Am 29.11.2024 hat das Oberlandesgericht Düsseldorf die neue Düsseldorfer Tabelle für 2025 veröffentlicht. Als Fachanwältin für Familienrecht möchte ich Ihnen die wichtigsten Änderungen und Anwendungshinweise vorstellen.
Was ist neu?
Die Mindest-Unterhaltssätze für 2025 wurden nur geringfügig angepasst:
- Kinder bis 6 Jahre: 482 € (bisher 480 €)
- Kinder 6-11 Jahre: 554 € (bisher 551 €)
- Kinder 12-17 Jahre: 649 € (bisher 645 €)

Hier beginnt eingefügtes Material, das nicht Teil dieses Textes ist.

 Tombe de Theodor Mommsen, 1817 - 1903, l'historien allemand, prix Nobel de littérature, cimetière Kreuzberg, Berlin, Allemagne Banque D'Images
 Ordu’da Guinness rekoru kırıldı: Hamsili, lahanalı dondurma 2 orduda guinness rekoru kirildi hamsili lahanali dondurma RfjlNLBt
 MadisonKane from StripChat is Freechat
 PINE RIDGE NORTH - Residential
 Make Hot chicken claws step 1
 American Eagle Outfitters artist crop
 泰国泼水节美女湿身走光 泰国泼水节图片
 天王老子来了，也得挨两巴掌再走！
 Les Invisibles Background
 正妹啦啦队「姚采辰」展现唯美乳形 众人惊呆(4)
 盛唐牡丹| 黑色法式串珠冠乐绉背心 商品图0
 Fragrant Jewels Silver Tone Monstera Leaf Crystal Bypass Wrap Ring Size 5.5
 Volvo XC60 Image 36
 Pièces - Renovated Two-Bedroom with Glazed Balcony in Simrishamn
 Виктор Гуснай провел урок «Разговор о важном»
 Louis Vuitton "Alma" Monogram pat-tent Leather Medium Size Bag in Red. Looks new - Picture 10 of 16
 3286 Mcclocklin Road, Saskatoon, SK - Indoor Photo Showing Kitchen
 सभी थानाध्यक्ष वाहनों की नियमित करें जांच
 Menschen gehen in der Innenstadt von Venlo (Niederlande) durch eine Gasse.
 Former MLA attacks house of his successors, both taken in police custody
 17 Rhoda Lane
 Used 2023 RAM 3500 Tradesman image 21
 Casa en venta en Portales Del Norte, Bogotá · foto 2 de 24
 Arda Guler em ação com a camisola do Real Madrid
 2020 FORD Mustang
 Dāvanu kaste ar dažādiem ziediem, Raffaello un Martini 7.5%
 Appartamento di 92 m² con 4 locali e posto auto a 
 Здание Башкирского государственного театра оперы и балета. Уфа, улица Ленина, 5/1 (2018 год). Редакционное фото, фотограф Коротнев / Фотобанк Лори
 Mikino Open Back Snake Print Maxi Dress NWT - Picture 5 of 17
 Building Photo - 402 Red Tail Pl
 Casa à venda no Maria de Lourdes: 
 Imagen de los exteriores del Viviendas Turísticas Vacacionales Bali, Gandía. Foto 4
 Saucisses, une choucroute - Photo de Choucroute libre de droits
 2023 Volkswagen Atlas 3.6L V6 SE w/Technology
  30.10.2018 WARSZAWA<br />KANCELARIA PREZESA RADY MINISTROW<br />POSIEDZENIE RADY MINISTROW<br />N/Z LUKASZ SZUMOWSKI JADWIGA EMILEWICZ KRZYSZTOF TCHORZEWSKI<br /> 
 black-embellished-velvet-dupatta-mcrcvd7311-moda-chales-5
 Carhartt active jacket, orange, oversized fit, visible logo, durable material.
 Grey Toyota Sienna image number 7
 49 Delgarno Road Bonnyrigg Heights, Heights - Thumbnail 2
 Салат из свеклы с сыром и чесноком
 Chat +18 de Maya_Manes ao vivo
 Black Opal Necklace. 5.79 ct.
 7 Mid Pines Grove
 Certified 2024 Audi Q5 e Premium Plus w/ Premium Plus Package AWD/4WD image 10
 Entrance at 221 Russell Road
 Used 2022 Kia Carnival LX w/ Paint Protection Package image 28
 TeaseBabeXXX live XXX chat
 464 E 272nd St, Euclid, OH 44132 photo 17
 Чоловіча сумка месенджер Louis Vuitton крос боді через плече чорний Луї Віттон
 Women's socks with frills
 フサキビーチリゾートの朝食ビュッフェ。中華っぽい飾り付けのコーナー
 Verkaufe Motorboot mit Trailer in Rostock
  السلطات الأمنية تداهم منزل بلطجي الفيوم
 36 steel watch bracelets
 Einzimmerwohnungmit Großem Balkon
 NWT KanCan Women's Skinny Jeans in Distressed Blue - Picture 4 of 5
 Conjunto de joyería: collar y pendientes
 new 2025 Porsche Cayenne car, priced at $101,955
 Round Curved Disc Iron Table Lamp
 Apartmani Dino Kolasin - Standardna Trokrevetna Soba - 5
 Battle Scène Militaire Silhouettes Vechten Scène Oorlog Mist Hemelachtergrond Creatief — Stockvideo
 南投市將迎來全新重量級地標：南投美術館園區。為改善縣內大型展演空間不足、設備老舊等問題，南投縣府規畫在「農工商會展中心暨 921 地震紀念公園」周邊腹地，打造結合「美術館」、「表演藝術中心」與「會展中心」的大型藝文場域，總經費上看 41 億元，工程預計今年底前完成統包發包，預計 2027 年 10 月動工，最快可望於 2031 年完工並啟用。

- Volljährige: 693 € (bisher 689 €)
Die Mindestunterhaltsverordnung ist die Basis der Düsseldorfer Tabelle, weil diese sich am gesetzlichen Existenzminimum orientiert. Darauf beruht die Steigerung in der ersten Einkommensgruppe - die Anpassung bei höherem Einkommen erfolgt durch Abstimmung der Gerichtsbarkeit. Die Wohnkosten wurden nicht regional angepasst, daher ergibt sich daraus ein individueller Spielraum.
Der
Bedarfssatz eines studierenden Kindes, das nicht bei seinen Eltern oder einem Elternteil wohnt, wurde von 930 EUR auf 990 EUR angehoben. Hiervon kann mit Rücksicht auf die Lebensstellung der Eltern oder bei erhöhtem Bedarf nach oben abgewichen werden. Das ergibt sich insbesondere durch notwendige Wohnkosten, denn in den 990 EUR sind nur 440 EUR Warmmiete enthalten.
Die
Einkommensgruppen und Selbstbehalte bleiben unverändert.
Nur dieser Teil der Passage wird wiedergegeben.